Living and working conditions
Leave (annual leave, parental leave etc)
New Year’s Day (1 January), Maundy Thursday, Good Friday, Easter Sunday, Easter Monday, Common Prayer Day (the fourth Friday after Easter), Ascension Day, Whit Sunday, Whit Monday, Christmas Day (25 December), Boxing Day (26 December).
In addition to the official public holidays, many people also have other days off, e.g. Constitution Day on 5 June and Christmas Eve on 24 December. Your collective agreement determines whether you may or may not have these days off.
The question of whether or not employees are expected to work on such days is governed either by collective agreements or by an individual agreement between the employee and the employer.
Most collective agreements entitle employees to the religious holidays recognised by the Danish state church (Folkekirken) (see below), unless the normal operation of the enterprise or a specific type of work does not permit this.
An employee is entitled to five weeks of paid holiday from their employer, provided that the employee has worked a whole calendar year in the year preceding the leave year, either in the form of pay during the holiday and holiday supplements or as holiday compensation.
Employees who have been employed for a shorter period are entitled to 2.08 days per month of employment.
If the employee has not earned the right to five weeks of paid holiday, the employee will still have the right to take up to five weeks of holiday, but this will not be paid by the employer. The holiday year is from 1 May to 30 April.
Maternity and parental leave
All women are entitled to four weeks’ leave before the birth of a child and 14 weeks’ maternity leave after the birth. Men are entitled to two weeks parental leave, which they must take within the first 14 weeks after the birth. During this total of 20 weeks the parents may receive maternity benefit.
After the first 14 weeks of maternity leave, each of the parents is entitled to parental leave of up to 32 weeks. Together they are entitled to benefits for 32 weeks. The father may start the leave within the first 14 weeks after the birth. It is possible to extend the leave by eight weeks.
Both parents are entitled to extend their parental leave.
If you extend your leave, you can apply to the municipality for your benefit to be reduced during the leave period because the maximum amount which can be paid is a sum corresponding to benefit for 32 weeks.
The same rules apply in the case of adoption.

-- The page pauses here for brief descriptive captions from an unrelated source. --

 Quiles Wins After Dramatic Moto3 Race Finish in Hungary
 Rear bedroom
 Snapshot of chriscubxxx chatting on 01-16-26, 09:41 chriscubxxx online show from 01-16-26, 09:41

The maternity leave system allows for flexibility. Flexible maternity leave is especially beneficial for working parents wanting to return to work after six or eight months’ leave, for example, and save the rest for when the child is a bit older, or for those who wish to share the leave or to reduce their working hours and thus extend the leave. In most cases, such flexibility requires an agreement with the employer. There are different rules on leave for parents who are in work, self-employed or studying.
You can also, for example, contact your municipality (Borgerservice, citizen services) if you are unsure or have questions about the maternity and parental leave rules.
There are also other types of leave, including:
Leave of absence for family reasons
If a close relative suffers an accident or becomes ill, you will, in some cases, be entitled to leave from your job. This does, however, require that ‘your immediate presence is an urgent necessity for serious family reasons’.
Leave of absence without pay
The rules for leave of absence depend on the type of job you have. As a general rule, the leave is unpaid.
Time off for civic duties
Civic duties are duties which you are ordered to perform by the authorities and which you are obliged to do, e.g. serving on a jury or as mayor.